Records shown:
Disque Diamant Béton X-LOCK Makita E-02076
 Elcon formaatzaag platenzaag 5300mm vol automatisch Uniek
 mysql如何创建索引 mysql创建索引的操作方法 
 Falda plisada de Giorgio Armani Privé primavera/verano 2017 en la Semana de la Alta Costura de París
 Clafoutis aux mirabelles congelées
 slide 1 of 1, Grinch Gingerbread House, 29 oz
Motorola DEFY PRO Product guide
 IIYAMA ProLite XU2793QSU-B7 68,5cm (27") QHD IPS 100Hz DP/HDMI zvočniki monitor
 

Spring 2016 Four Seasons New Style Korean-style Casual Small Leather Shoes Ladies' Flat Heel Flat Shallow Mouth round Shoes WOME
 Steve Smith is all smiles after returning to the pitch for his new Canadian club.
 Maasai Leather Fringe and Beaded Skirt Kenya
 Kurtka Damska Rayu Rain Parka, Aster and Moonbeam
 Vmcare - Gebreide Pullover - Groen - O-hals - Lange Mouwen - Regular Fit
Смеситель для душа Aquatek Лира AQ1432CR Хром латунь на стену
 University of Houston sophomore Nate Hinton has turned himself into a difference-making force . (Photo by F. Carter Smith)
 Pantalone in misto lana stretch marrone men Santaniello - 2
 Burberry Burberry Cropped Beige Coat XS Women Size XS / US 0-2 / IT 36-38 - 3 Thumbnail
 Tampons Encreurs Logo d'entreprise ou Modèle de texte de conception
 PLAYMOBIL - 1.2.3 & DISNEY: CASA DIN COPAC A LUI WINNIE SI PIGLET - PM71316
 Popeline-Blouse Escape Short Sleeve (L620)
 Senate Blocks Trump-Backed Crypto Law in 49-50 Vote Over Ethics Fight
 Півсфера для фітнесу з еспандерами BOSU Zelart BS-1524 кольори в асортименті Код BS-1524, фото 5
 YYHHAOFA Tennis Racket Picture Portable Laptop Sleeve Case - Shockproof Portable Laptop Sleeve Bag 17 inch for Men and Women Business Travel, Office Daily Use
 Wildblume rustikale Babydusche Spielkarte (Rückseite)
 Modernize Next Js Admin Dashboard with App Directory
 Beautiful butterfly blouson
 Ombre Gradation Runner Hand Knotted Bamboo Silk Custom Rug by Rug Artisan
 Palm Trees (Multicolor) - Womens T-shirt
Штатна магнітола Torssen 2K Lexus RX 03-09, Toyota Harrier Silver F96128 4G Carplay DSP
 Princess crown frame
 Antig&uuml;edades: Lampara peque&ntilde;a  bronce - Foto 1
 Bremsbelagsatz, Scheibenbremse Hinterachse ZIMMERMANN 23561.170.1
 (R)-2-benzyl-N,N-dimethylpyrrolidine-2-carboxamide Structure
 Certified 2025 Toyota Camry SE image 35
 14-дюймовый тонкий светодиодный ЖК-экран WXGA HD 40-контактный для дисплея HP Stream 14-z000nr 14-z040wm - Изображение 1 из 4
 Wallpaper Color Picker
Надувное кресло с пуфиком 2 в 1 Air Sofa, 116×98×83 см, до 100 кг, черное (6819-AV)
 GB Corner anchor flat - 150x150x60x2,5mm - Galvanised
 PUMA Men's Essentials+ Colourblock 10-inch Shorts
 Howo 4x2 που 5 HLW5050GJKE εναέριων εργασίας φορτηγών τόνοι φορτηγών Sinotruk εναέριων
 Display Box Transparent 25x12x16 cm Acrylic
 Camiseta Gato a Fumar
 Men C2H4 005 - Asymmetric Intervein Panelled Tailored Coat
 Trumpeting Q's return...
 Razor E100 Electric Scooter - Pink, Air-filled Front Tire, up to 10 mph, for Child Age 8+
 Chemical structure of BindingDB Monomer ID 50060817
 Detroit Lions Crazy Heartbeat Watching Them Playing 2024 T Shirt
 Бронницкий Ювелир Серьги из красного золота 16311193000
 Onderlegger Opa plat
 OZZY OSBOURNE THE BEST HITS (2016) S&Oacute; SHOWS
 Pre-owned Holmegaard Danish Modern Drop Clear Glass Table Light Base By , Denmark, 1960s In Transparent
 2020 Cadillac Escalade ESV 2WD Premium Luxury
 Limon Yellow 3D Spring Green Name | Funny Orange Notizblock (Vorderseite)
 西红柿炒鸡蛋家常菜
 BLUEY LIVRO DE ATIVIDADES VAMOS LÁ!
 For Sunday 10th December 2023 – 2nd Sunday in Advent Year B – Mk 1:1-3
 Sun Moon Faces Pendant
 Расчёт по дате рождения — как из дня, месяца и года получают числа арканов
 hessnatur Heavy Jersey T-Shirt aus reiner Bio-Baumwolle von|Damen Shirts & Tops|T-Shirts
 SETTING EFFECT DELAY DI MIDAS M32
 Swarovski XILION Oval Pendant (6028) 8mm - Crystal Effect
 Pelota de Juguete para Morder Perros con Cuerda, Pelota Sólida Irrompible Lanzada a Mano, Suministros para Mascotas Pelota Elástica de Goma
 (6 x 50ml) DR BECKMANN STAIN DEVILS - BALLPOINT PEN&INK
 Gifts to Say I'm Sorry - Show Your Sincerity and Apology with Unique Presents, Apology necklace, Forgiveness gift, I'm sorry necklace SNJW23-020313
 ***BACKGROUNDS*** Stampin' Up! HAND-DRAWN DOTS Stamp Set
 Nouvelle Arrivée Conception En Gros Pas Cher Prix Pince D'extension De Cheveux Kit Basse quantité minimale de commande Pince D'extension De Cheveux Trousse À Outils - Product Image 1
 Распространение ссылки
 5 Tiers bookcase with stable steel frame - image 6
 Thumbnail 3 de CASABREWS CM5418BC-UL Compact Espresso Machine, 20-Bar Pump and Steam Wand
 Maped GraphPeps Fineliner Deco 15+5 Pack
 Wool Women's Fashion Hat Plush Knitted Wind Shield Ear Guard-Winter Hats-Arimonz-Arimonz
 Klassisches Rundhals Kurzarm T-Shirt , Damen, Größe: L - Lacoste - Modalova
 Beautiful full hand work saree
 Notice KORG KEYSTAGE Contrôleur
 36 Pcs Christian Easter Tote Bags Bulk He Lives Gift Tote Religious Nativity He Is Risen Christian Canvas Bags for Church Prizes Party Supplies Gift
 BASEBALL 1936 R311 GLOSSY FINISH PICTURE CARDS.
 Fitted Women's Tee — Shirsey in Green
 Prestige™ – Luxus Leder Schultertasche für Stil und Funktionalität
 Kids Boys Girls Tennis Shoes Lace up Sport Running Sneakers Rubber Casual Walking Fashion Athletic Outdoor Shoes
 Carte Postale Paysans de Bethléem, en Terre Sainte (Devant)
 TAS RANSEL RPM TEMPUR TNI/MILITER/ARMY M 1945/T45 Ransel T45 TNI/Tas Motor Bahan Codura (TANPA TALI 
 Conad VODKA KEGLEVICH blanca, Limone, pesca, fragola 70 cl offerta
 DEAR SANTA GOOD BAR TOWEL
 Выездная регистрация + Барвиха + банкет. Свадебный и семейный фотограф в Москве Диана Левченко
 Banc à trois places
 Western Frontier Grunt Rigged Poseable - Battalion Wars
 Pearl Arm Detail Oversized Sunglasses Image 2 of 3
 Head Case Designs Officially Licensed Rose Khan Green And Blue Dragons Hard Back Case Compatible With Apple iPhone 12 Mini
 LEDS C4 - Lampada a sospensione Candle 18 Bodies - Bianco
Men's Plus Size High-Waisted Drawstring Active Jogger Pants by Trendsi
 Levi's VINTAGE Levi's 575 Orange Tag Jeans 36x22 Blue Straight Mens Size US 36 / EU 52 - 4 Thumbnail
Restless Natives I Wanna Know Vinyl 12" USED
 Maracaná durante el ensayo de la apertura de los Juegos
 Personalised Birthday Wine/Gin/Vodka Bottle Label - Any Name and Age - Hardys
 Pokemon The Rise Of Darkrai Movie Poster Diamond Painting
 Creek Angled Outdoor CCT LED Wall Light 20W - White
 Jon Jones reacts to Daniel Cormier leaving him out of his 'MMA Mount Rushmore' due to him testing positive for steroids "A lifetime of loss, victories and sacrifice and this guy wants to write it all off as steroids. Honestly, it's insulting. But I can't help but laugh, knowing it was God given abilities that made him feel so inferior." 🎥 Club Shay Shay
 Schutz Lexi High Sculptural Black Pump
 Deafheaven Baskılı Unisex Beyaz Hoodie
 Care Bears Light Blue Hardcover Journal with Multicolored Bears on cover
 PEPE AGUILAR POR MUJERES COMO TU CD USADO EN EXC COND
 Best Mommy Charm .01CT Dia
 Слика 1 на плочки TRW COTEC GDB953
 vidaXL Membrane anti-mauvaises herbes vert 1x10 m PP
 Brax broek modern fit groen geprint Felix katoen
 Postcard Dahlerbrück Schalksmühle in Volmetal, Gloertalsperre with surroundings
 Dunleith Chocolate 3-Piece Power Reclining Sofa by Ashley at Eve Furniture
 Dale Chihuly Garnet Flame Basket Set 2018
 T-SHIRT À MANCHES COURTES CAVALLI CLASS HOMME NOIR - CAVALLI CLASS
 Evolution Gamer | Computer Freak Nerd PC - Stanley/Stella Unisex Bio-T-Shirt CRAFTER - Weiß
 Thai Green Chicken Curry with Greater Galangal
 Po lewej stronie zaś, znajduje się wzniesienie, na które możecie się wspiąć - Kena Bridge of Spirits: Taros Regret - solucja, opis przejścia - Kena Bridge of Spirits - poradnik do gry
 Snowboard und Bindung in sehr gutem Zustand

Required action: Reproduce word for word the material above, starting with the line that has "Levi's VINTAGE Levi's" and stopping after the line that has "Maracaná durante el".

The answer:
 Levi's VINTAGE Levi's 575 Orange Tag Jeans 36x22 Blue Straight Mens Size US 36 / EU 52 - 4 Thumbnail
Restless Natives I Wanna Know Vinyl 12" USED
 Maracaná durante el ensayo de la apertura de los Juegos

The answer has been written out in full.